When we look at a scene, most of this state is controlled by the properties of the various windows. If something's not right, the next thing to do is go look at the relevant windows and see what their properties are. The files associated with the windows provide values for the different properties and they also provides the internal state of the windows.
If everything from the windows perspective looks good, the problem may first appear in the framebuffer (i.e., the problem may be compositing into the framebuffer). You can look at the buffers of the framebuffer. Because the framebuffer is a window just like any other window, you can use all the tools and files we've discussed in the earlier sections to check the framebuffer. If the contents of the framebuffer don't look quite right, you can dig into all the operations that went into generating the contents of the framebuffer. The /dev/screen/0/blt-[id] file contains all the operations performed on the framebuffer for a display. This is a binary ring buffer, so you must use screeninfo to decipher it:
# screeninfo /dev/screen/0/blt-1
and here's what you could see:
4252> blit[source,nonpre,33](win-5, (0, 0, 50, 10), (0, 50, 50, 10)) [ok] 4252> blit[source,nonpre,33](win-6, (0, 0, 50, 10), (718, 50, 50, 10)) [ok] 4253> fill[255](0, 0, 768, 60, #ff000000) [ok] 4253> blit[source,premult,255](win-2, (0, 0, 768, 60), (0, 0, 768, 60)) [ok] 4253> blit[source,nonpre,33](win-5, (0, 0, 50, 10), (0, 50, 50, 10)) [ok] 4253> blit[source,nonpre,33](win-6, (0, 0, 50, 10), (718, 50, 50, 10)) [ok] 4254> fill[255](0, 0, 768, 60, #ff000000) [ok] 4254> blit[source,premult,255](win-2, (0, 0, 768, 60), (0, 0, 768, 60)) [ok] 4254> blit[source,nonpre,33](win-5, (0, 0, 50, 10), (0, 50, 50, 10)) [ok] 4254> blit[source,nonpre,33](win-6, (0, 0, 50, 10), (718, 50, 50, 10)) [ok] 4255> fill[255](0, 0, 768, 60, #ff000000) [ok] 4255> blit[source,premult,255](win-2, (0, 0, 768, 60), (0, 0, 768, 60)) [ok] 4255> blit[source,nonpre,33](win-5, (0, 0, 50, 10), (0, 50, 50, 10)) [ok] 4255> blit[source,nonpre,33](win-6, (0, 0, 50, 10), (718, 50, 50, 10)) [ok] 4256> fill[255](0, 0, 768, 60, #ff000000) [ok] 4256> blit[source,premult,255](win-2, (0, 0, 768, 60), (0, 0, 768, 60)) [ok] 4256> blit[source,nonpre,33](win-5, (0, 0, 50, 10), (0, 50, 50, 10)) [ok] 4256> blit[source,nonpre,33](win-6, (0, 0, 50, 10), (718, 50, 50, 10)) [ok] 4257> fill[255](0, 0, 768, 60, #ff000000) [ok] 4257> blit[source,premult,255](win-2, (0, 0, 768, 60), (0, 0, 768, 60)) [ok] 4257> blit[source,nonpre,33](win-5, (0, 0, 50, 10), (0, 50, 50, 10)) [ok] 4257> blit[source,nonpre,33](win-6, (0, 0, 50, 10), (718, 50, 50, 10)) [ok] 4258> fill[255](0, 0, 768, 60, #ff000000) [ok] 4258> blit[source,premult,255](win-2, (0, 0, 768, 60), (0, 0, 768, 60)) [ok] 4258> blit[source,nonpre,33](win-5, (0, 0, 50, 10), (0, 50, 50, 10)) [ok]

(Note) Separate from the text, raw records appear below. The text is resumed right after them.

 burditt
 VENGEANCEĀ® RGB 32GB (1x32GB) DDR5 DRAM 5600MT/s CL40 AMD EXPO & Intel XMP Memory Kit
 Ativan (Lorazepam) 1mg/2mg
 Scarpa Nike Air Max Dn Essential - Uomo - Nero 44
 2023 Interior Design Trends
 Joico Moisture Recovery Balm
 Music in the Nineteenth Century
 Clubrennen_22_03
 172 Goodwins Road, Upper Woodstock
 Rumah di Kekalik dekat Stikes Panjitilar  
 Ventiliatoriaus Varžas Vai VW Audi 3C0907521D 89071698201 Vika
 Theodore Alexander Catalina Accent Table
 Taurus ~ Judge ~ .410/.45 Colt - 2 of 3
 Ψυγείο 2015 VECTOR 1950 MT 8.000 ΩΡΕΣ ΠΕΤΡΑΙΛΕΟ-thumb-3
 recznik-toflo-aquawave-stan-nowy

Each line starts with a frame number, so you can see which series of operations belong to the same update. Just like for the requests, there is an error status. In some rare cases, you'll see an error, which explains why the display isn't showing the right thing. In most cases, errors in this file will also have corresponding messages in the system log, which may provide additional information.

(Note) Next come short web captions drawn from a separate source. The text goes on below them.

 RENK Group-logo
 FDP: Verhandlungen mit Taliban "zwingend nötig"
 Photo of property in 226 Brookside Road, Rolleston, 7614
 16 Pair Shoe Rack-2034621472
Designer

Similar to the requests file, this file can be disabled, so you must ensure that graphics.conf doesn't set its size to zero if you need it. Normally, a size of 4 KB to 8 KB is sufficient to capture several hundreds of operations. If you need to look further back in time, you can make it bigger. See Configure globals subsection of Configuring Screen for more details.